TASK:
The listing below must be repeated word for word, without its pictures.

:::

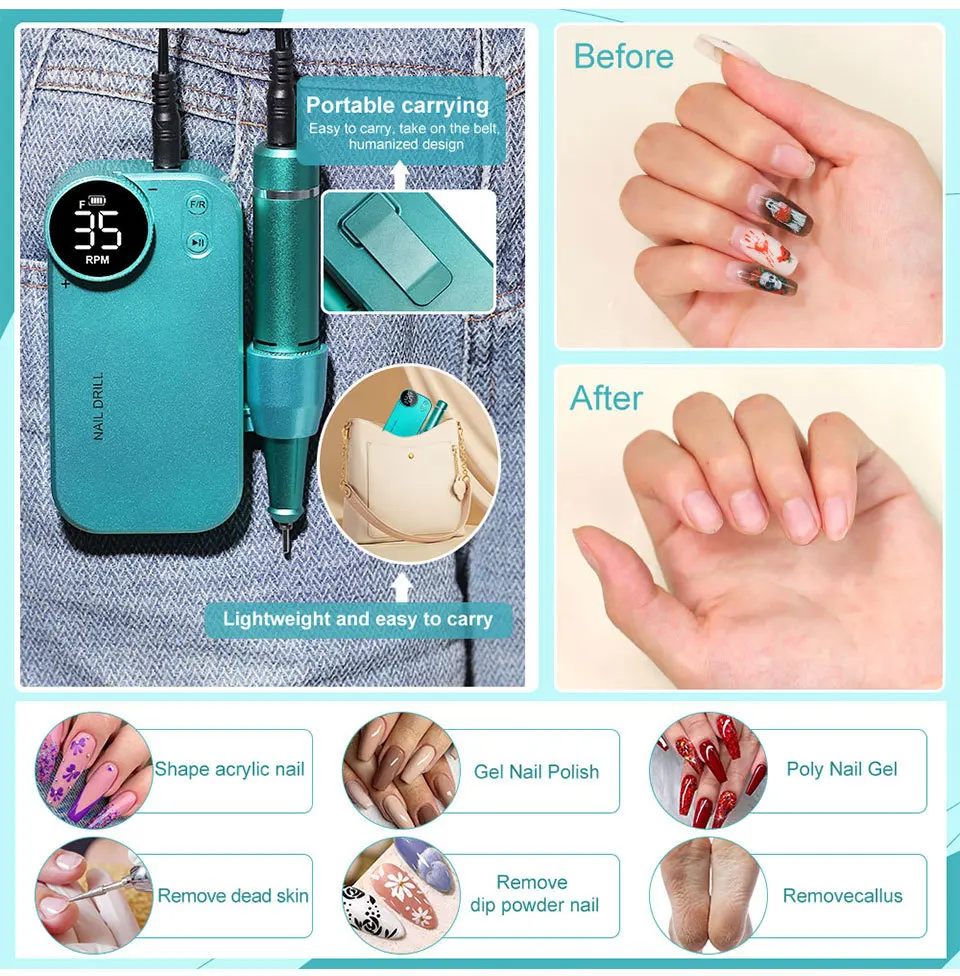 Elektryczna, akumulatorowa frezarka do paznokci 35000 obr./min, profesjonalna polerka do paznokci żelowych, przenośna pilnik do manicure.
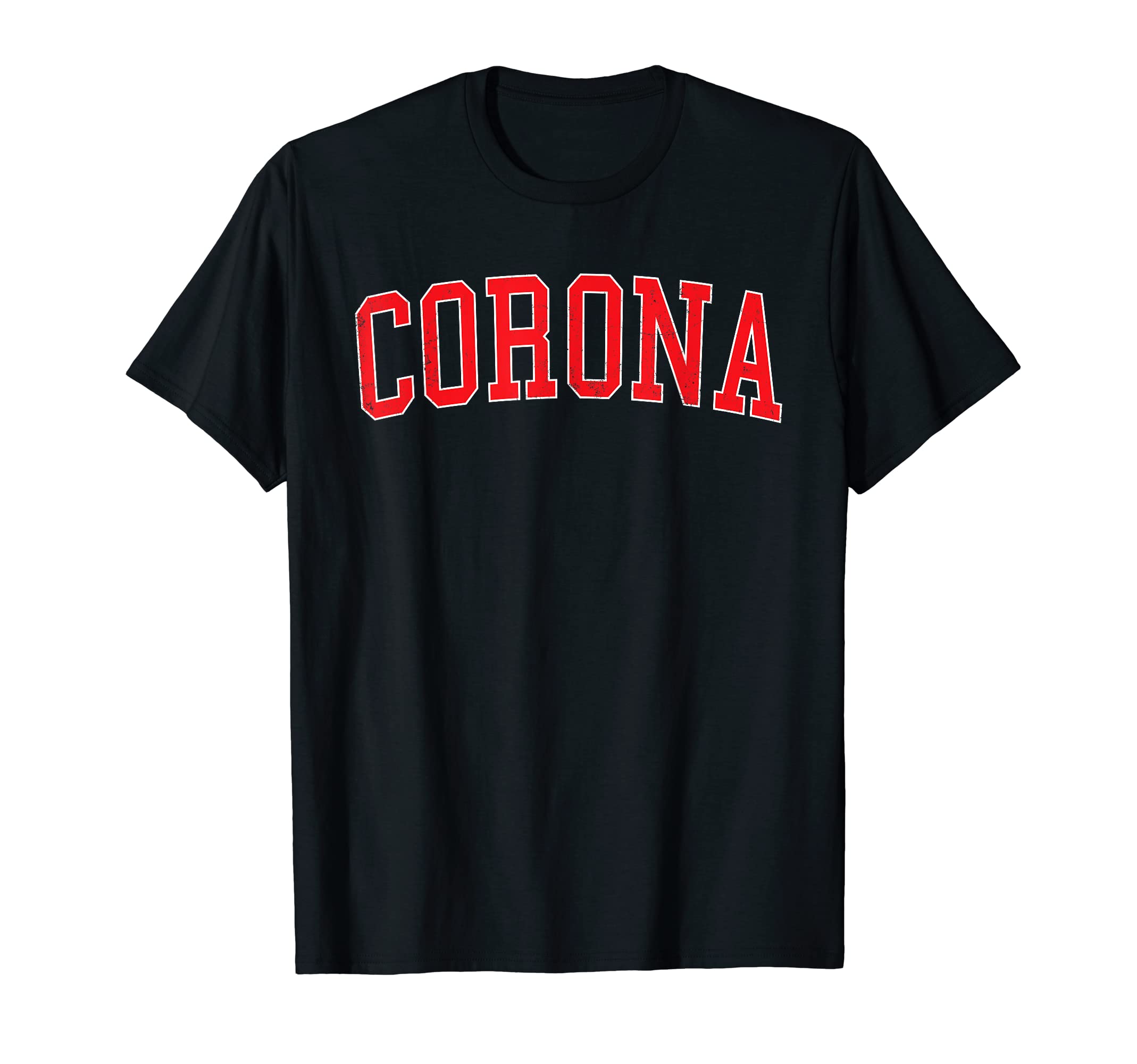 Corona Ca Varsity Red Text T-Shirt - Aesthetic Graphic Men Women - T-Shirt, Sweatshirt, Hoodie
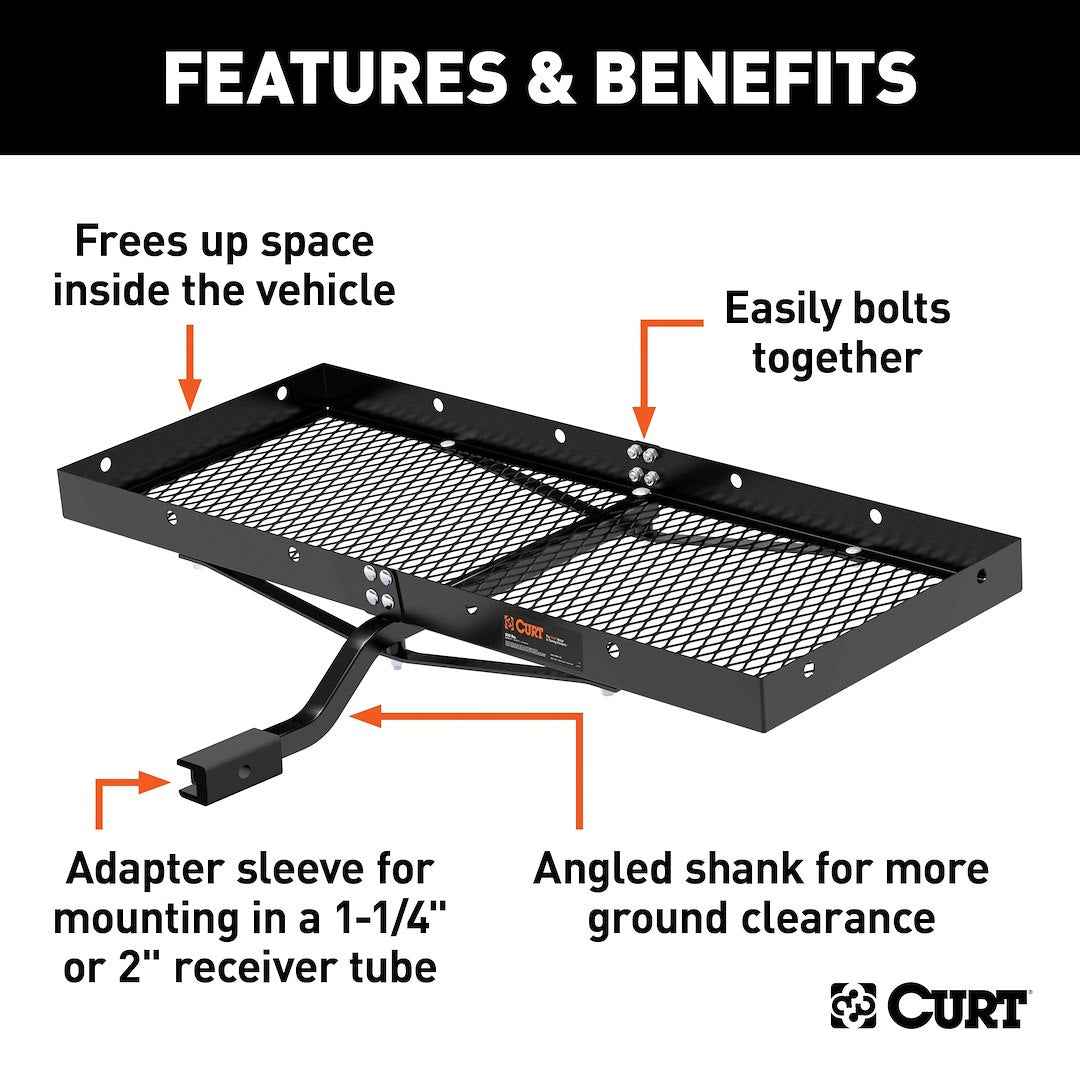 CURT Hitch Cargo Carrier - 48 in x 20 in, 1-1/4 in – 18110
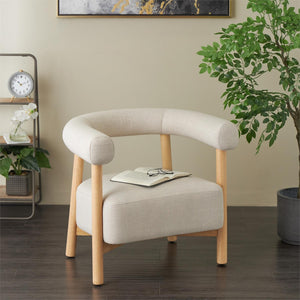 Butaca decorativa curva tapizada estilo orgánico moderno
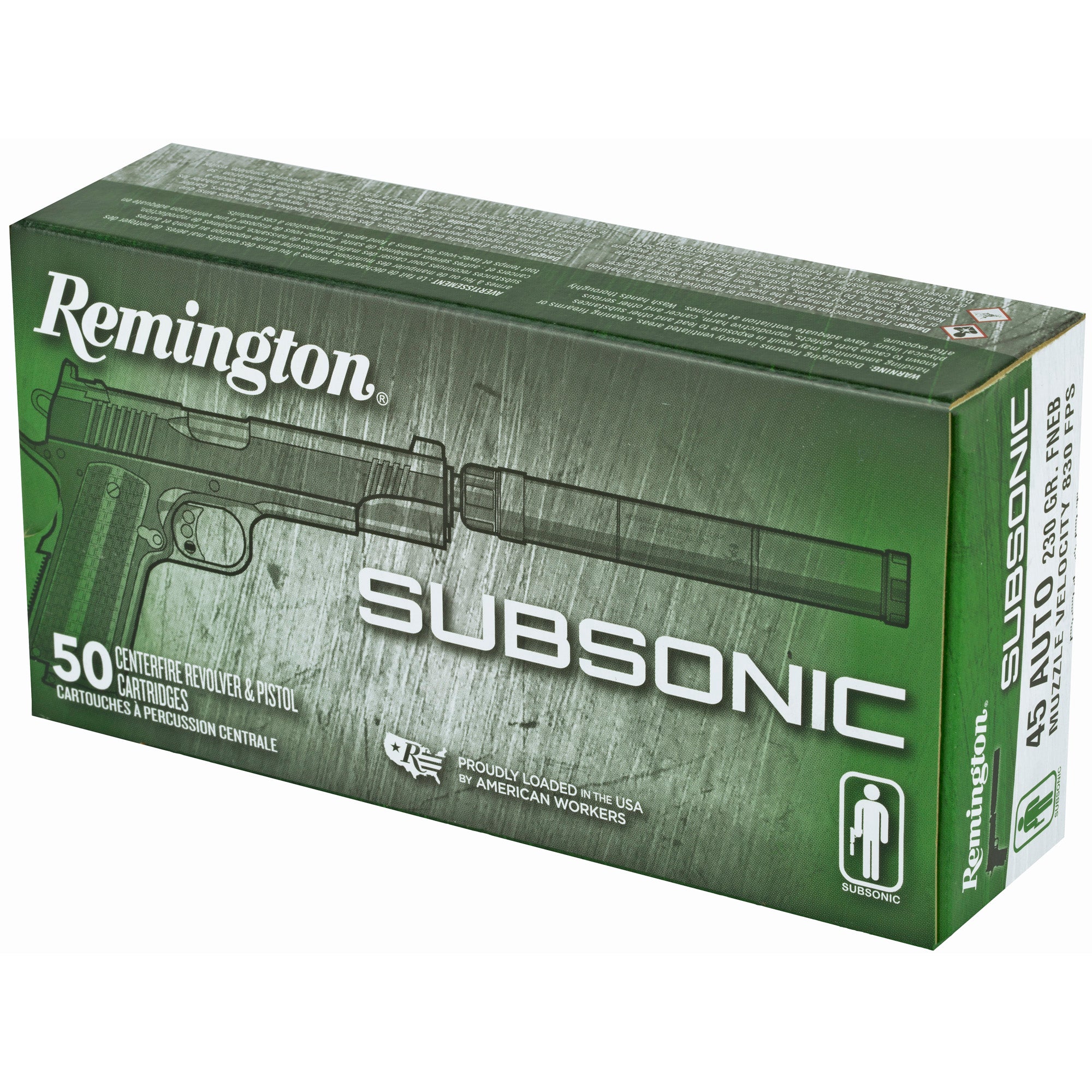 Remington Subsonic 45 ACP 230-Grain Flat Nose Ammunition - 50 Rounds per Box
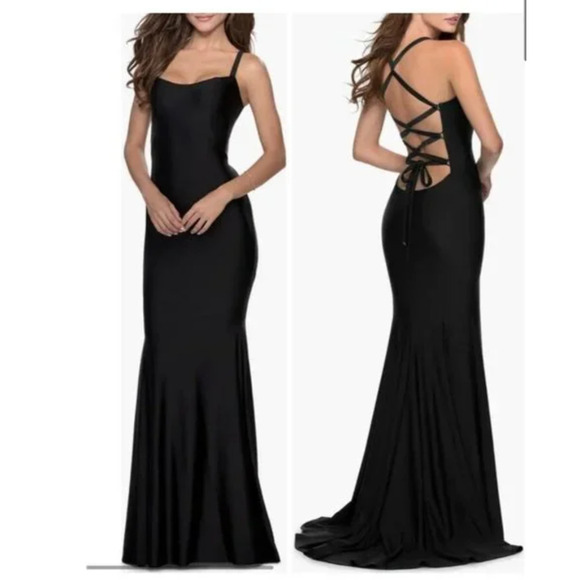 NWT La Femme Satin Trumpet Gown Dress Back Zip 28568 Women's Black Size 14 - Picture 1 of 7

:::

WRITTEN REPLY:
 Elektryczna, akumulatorowa frezarka do paznokci 35000 obr./min, profesjonalna polerka do paznokci żelowych, przenośna pilnik do manicure.
 Corona Ca Varsity Red Text T-Shirt - Aesthetic Graphic Men Women - T-Shirt, Sweatshirt, Hoodie
 CURT Hitch Cargo Carrier - 48 in x 20 in, 1-1/4 in – 18110
 Butaca decorativa curva tapizada estilo orgánico moderno
 Remington Subsonic 45 ACP 230-Grain Flat Nose Ammunition - 50 Rounds per Box
 NWT La Femme Satin Trumpet Gown Dress Back Zip 28568 Women's Black Size 14 - Picture 1 of 7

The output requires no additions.